Newt Gingrich’s campaign is taking a “populist” tone after devastating losses in Iowa and New Hampshire.
Gingrich said in a campaign speech in South Carolina that the current establishment turns a blind eye to “crony capitalism,” which diminishes freedom in business ventures.
“Don't talk about who got all the money. ... Can't we can't just move forward letting the rich keep all the money?” said Gingrich. He went on to say “Crony capitalism” weakened free enterprise, according to the report.
Since he came in fourth place in the Iowa Caucus and New Hampshire primary, Newt may be taking a page from Ron Paul’s book by trying to distance himself from the candidates in order to appeal to new voters. Ron Paul who is staunchly anti-Federal Reserve and anti-military has moved up in the primaries. Paul came in third place in Iowa behind Rick Santorum and Mitt Romney and then second place in New Hampshire.
Like Paul, who in his speeches stresses how excessive interference by the Federal Reserve and exorbitant military spending effects the common taxpayer, Gingrich spoke directly to the people saying it is the establishment and the rich that is causing much of today’s economic woes.

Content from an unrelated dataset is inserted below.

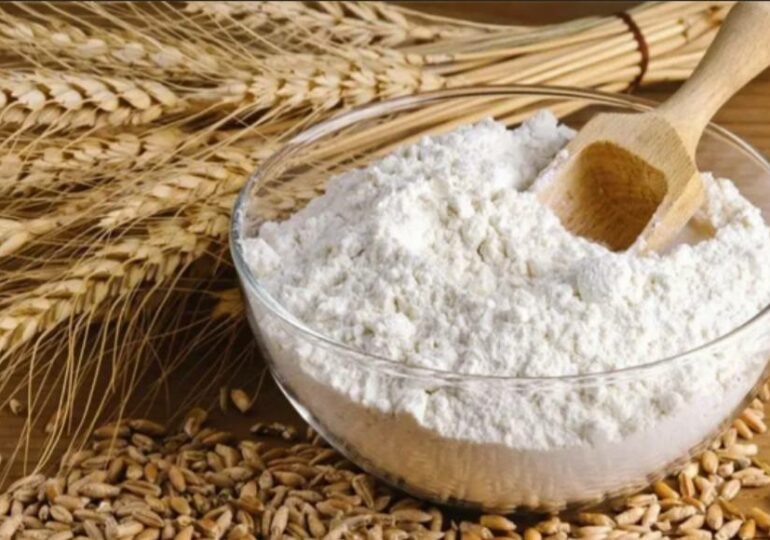 Китай открыл рынок для украинской муки, но быстрых поставок пока не будет – Рыбчинский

“I want you to know that I am running precisely because, as an Army brat from a middle-class family who taught in college, I think middle-class, taxpaying, working families deserve a government that is honest,” he said.
Fox News reports that Gingrich quickly toned down the populist talk when later confronted by a voter at a town hall meeting in Spartanburg. The man told Gingrich he should stop the anti-corporate rhetoric and focus on Romney’s inconsistencies if he intended to court the conservative vote. Gingrich said it was President Obama’s fault for initiating class warfare language.
“It's an impossible theme to talk about with Obama in the background. Obama just makes it impossible to talk rationally in that area because he is so deeply into class warfare that automatically you get an echo effect, whichm as a Reagan Republican, frankly never occurred to me until it happened. I agree with you entirely,” Gingrich said.
The Associated Press reports that Gingrich, a career politician who has made millions himself, may have a hard time convincing struggling South Carolinians that he is for the working class. He was nonetheless met with large crowds and cheers during his campaign gatherings.